I recently participated in a “relationship” exchange with a young lady related to my blog “Thank God for Affairs.” The exchange had to do with the sacrifices that those in relationships make. My partner in the conversation said, “I’ve certainly sacrificed my own personal happiness for others at times, and I see my close family members doing that for others too. My dad taught me to ‘grind through it.'”
There is a long-standing tool of manipulation that many of us use to get others to do what we want called “sacrifice.” We have all heard or told someone to act in a given manner because someone else, or maybe you, sacrificed for them to be able to go to a good school, eat, or whatever.
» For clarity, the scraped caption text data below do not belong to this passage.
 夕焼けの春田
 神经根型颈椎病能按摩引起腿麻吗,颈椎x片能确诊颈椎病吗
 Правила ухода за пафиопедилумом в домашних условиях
It is a very convincing and effective form of manipulation. In fact, when it occurs, it is generally a form of give and take in action. The speaker in this case has been told that someone sacrificed for him/her and now s/he uses the “sacrifice card” when s/he wants someone else to do something, thereby dishing out what was given. This tool is alive and well in many relationships.
I have heard stories/complaints from people when talking about difficult circumstances in relationships that included “She sacrificed her best years so that he could have children.” Or “He sacrificed his career so that she could have her’s.”
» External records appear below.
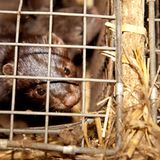 Tierschutz: Mode mit Haut und Haar - Bild 7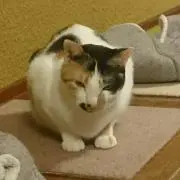 キャリコ☺
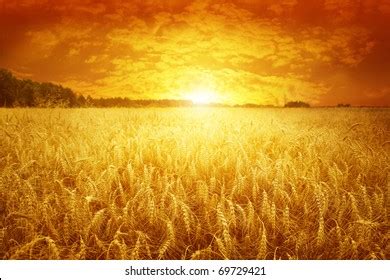 Sunset Over The Wheat Field Free Stock Photo | picjumbo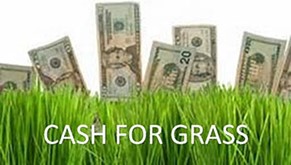 Cash for Grass Cash for Grass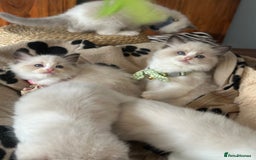 Ragdoll cats for sale: TICA Registered Ragdoll Kittens - Image 33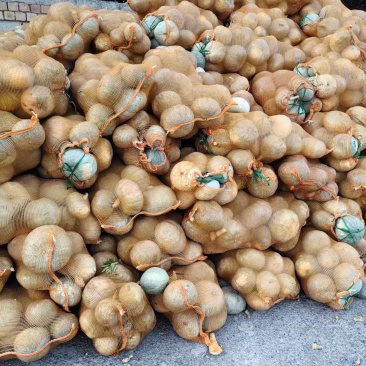 新疆银板栗南瓜已大量上市，产地直发，量大从优，欢迎咨询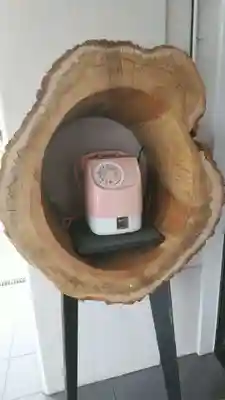 生身天満宮の周辺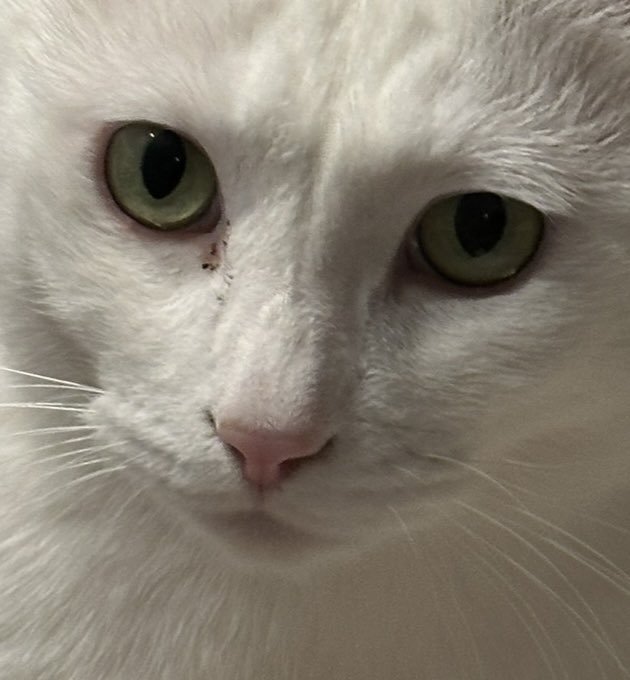 백색고양이연합 (@feralcollateral) on Twitter photo 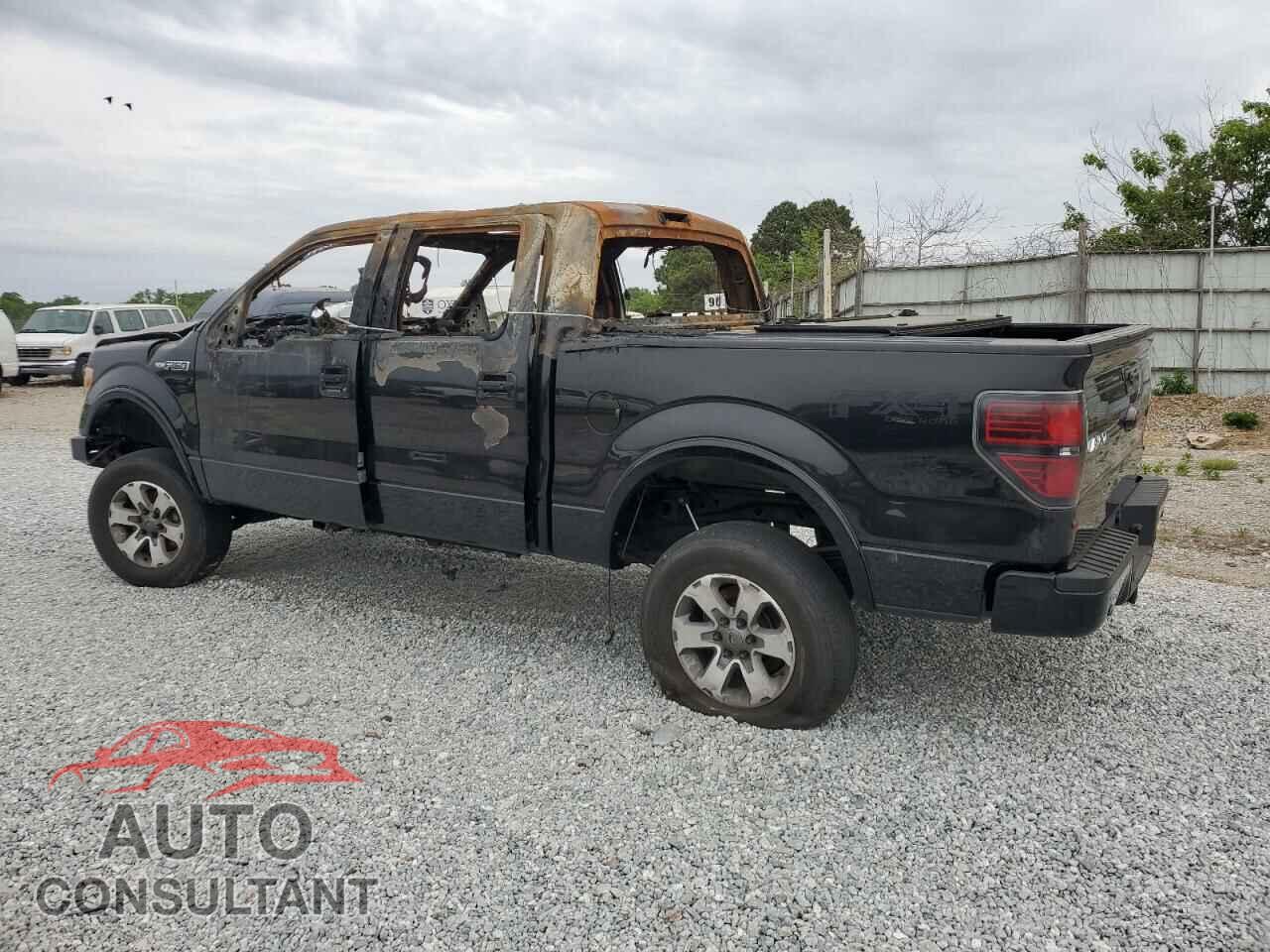 FORD F-150 2013 - 1FTFW1EF0DFD62389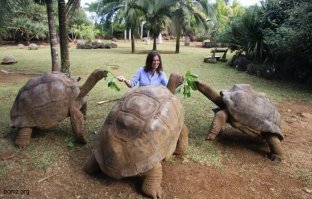 12 невероятных фактов, которые скрывают черепахи под своим панцирем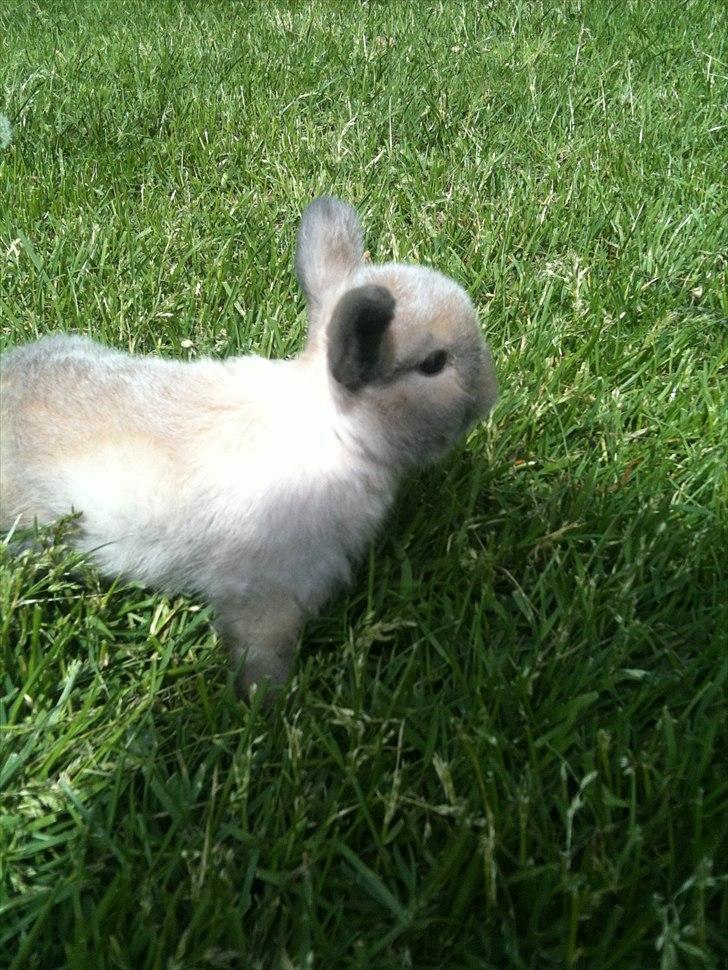 Kanin dublo billede 7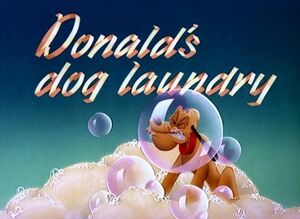D dog laundry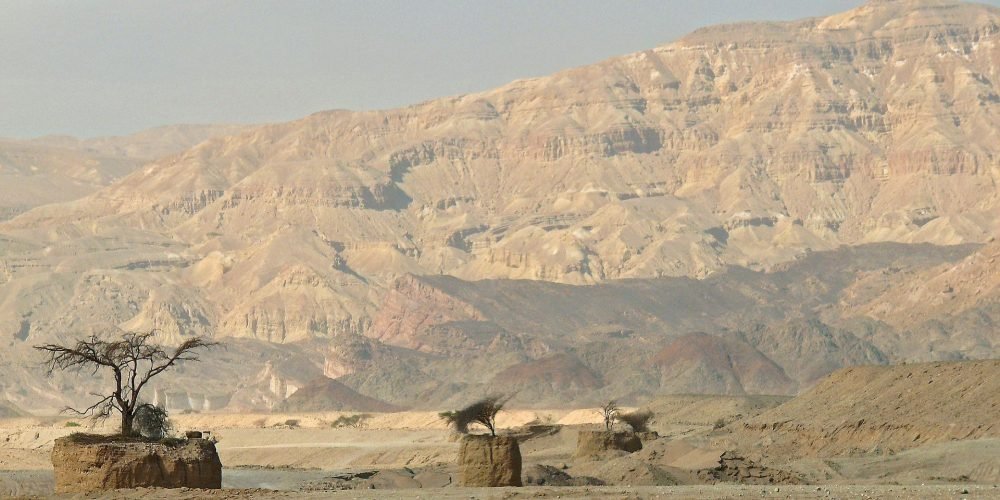 desert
I am not saying that we do not do things that benefit others nor benefit from actions that others do for themselves. Quite the contrary, everything that is done benefits someone else. But the primary and most basic beneficiary of everything that we do is ourselves. There is a difference between sacrificing and investing. We invest. We do not sacrifice. Investments can go both ways. We may be praised or resented for them. We may make or lose money. There is no guarantee that our energy will be rewarded the way that we hope. Seeing the give and take of relationships in terms of investments rather than sacrifices transforms our perspectives in a healthy way.
Examples of sacrifices, in relationships, may include one partner staying at home with the children while the other works. Another is that one partner may commute two and a half hours each day to work in order to provide for his/her family. These are both potentially arduous uses of energy. At the same time, they are also investments in the life of the family, and consequently investments in their identity or role as the husband/wife.
By understanding the difference between sacrifice and investment, we have the opportunity to be more honest with ourselves and the people in our lives. We get to be clear about our intentions and the burdens that we often place on others (including our mates and our children) for our own purposes. We also have the unique opportunity to discuss with others their true intentions when we are told we are the occasion for their sacrifice.
The distinction between “investment” and “sacrifice” goes a long way when trying to understand the idea of “relationship.” Sacrifices are made for the sake of saying that we “sacrificed,” and to get someone else to feel guilty. Try and think of a situation where saying “I sacrificed . . .” is not meant to sway the listener. I cannot think of any. Some may say that great leaders such as Mahatma Ghandi, Dr. Martin Luther King, Jr. and Mother Teresa sacrificed for others. This is not true. Each of these exceptional individuals invested in their future. They did not sacrifice. Admittedly, I have benefitted from their investments, and I offer a hearty “thank you” to each of them for their efforts. But it would be an exaggeration and a mistake to say that they sacrificed for others.
Instead of attempting to sway your mate by noting a sacrifice that you have made for him/her, be upfront and just state that there is something that you would like for them to do. Many will appreciate the candor and will be happy to oblige. Others may respond “no.” These and other responses are both equally healthy. After all, if you were not open to the person’s genuine response (which certainly could have included “no”) you were being manipulative from the start.
The importance of being clear about “sacrifice” and “needs” is for our own growth. Through the willingness to “call a spade a spade,” or to note that we are attempting to reap the harvest of our “investment,” instead of the veiled expectations that we relay based on our “sacrifices,” we free ourselves to live our dreams and seek fulfillment that is free of the chains of other’s “sacrifices.”
Many of us feel obligated to live our life a certain way or to adhere to what other people believe that we should be doing, while wrestling with an inner-voice that is calling us to do something different, unique or original. Do not use “sacrifice” as a tool for preventing others from living their dreams and don’t allow anyone else to use “sacrifice” to hold you back either. We can live our own dreams, and allow our partners to pursue their’s too! Please give the gifts of freedom to yourself and others.